Lava does more than destroy, though this might be hard to remember amid coverage of the current eruption of Mt. Kilauea. Dramatic videos show lava bursting from vents in the earth into residential neighborhoods on Hawaii’s Big Island. So far nobody has been hurt, but property and infrastructure have been extensively damaged. Geologists don’t know exactly how long the eruption will last, but eventually the flow will stop flowing, cool down, and a new expanse of rock will cover the once-living environment. What happens then? Perhaps surprisingly, lava also creates new life.
Kilauea, and its neighbor, Mauna Loa, are shield volcanoes. Shield volcanoes are low, shallow-sloped volcanoes, and typically experience frequent small-scale lava flows instead of catastrophic explosions. The frequent lava flows in different locations means that much of the island of Hawaii has been covered by lava at one time or another; it’s a patchwork of lava fields of varying ages.
Writing in PNAS, geneticist Hampton Carson and colleagues describe how a species avoids extinction when its habitat is periodically obliterated. For example, Drosophila silvester is a fruit fly endemic to Hawaii, which is associated with a variety of plants that are also endemic to the island. When the lava flows, the flies and associated plants are completely wiped out. But they can quickly recolonize a new flow from a neighboring area that has not been recently covered in lava. So even if the flies are eradicated from every single place where lava flows, they can always move back in somewhere else. Such a network of safe refuges interspersed with danger zones is called a metapopulation. In a properly functioning metapopulation, extinction is very difficult. However, since sometimes genes are lost when particular populations are lost, the constant destruction and replenishment of a species may help lead to its evolution.
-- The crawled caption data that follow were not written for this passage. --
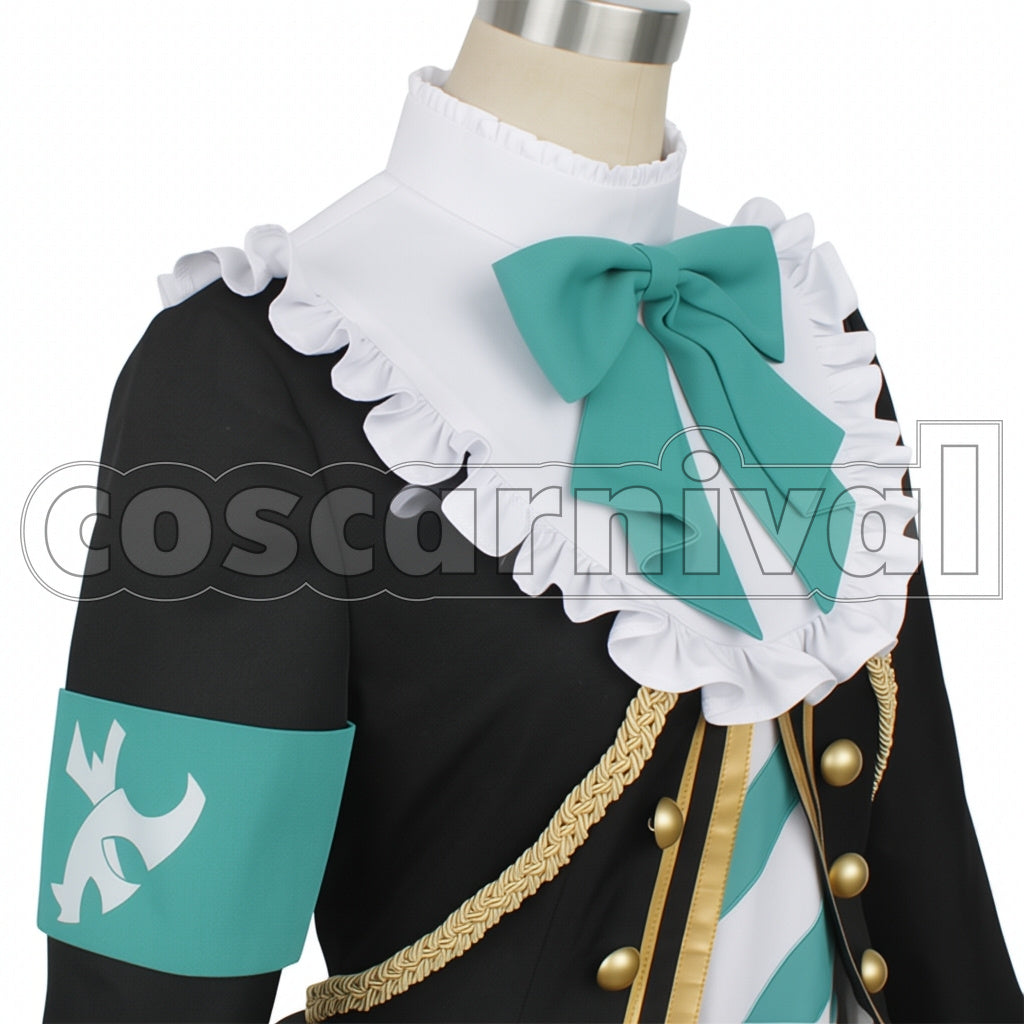 Umamusume: Pretty Derby Mejiro McQueen Cosplay Outfit
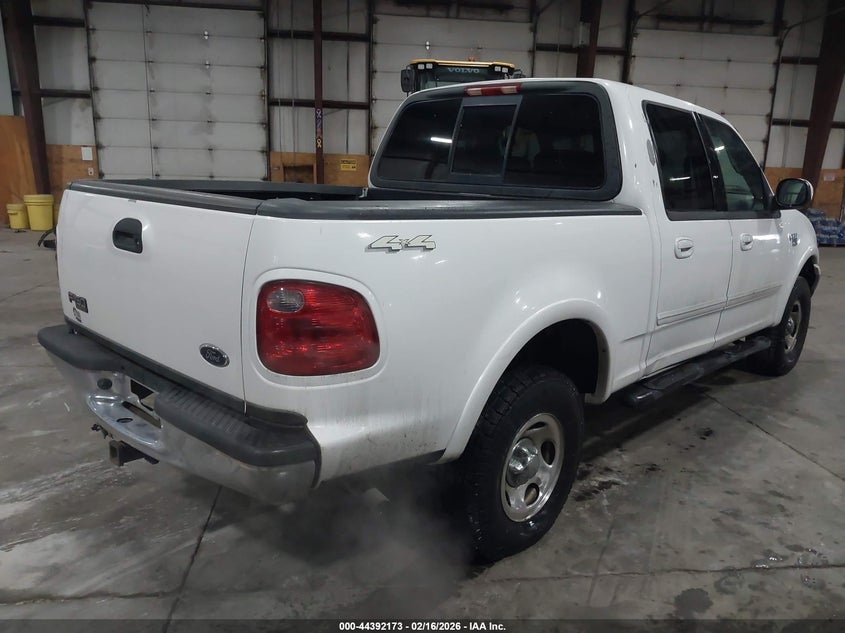 2001 Ford F-150 King Ranch Edition/Lariat/Xlt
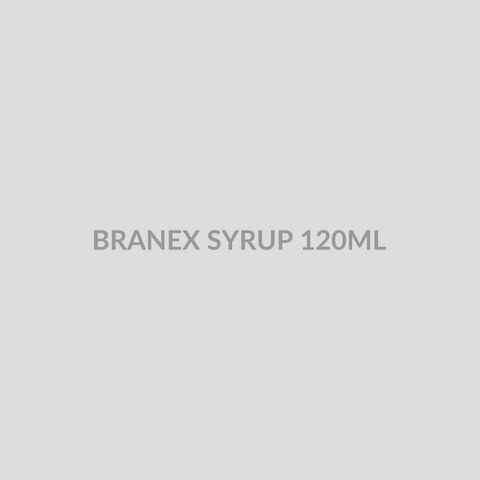 BRANEX SYRUP 120ML - Bolan Clinic Pharmacy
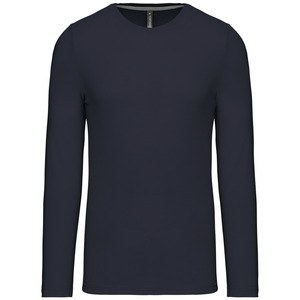 Kariban K359 - MEN'S LONG SLEEVE CREW NECK T-SHIRT Navy/Navy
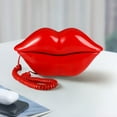 thumbnail image 1 of PPLoney Red Lips Telephone - Unique Design, Clear Sound Quality, Stylish Home Decor, 1 of 4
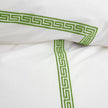Maze - Linen Cotton Mix Embroidered Edge Duvet Cover Sets-1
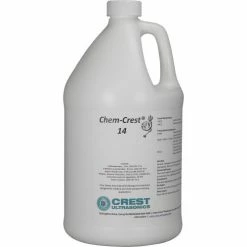 Promo 😍 Crest Ultrasonics Chem Crest 14 General Purpose Wash Solution - 5 Gallon Pail - Crest Ultrasonic 700014P ✨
The new lava flows are defined by primary succession, the development and change in ecosystems following a disturbance, such as being buried in lava. Think of a vacant lot: within weeks there are weeds, the lot will be mostly covered with vegetation within a year. Trees will grow if allowed. On the lava, isolated plants take roots within years, but according to biologist Gregory Aplet et. al in Journal of Vegetation Science, over the long term the type and location of the lava determines what type of habitat will develop. Low altitude flows in the wetter parts of the island will eventually have the highest diversity and biomass (total mass of living matter in an area). ‘A‘ā lava, the sharp, chunky kind of lava, was best for plant growth in wet areas compared to the smoother, ropy pahoehoe lava. Wet side ‘a‘ā flows were also highly resistant to invasive species. As the lava flow ages, more and more species settle; the oldest flows had the highest diversity and biomass compared to younger flows.
The current flow is ‘a’a lava at low altitude in a wet area, so eventually it will host a robust vegetation assemblage. So while it may take time, the ecosystem of Hawaii constantly shifts along with the island’s geology.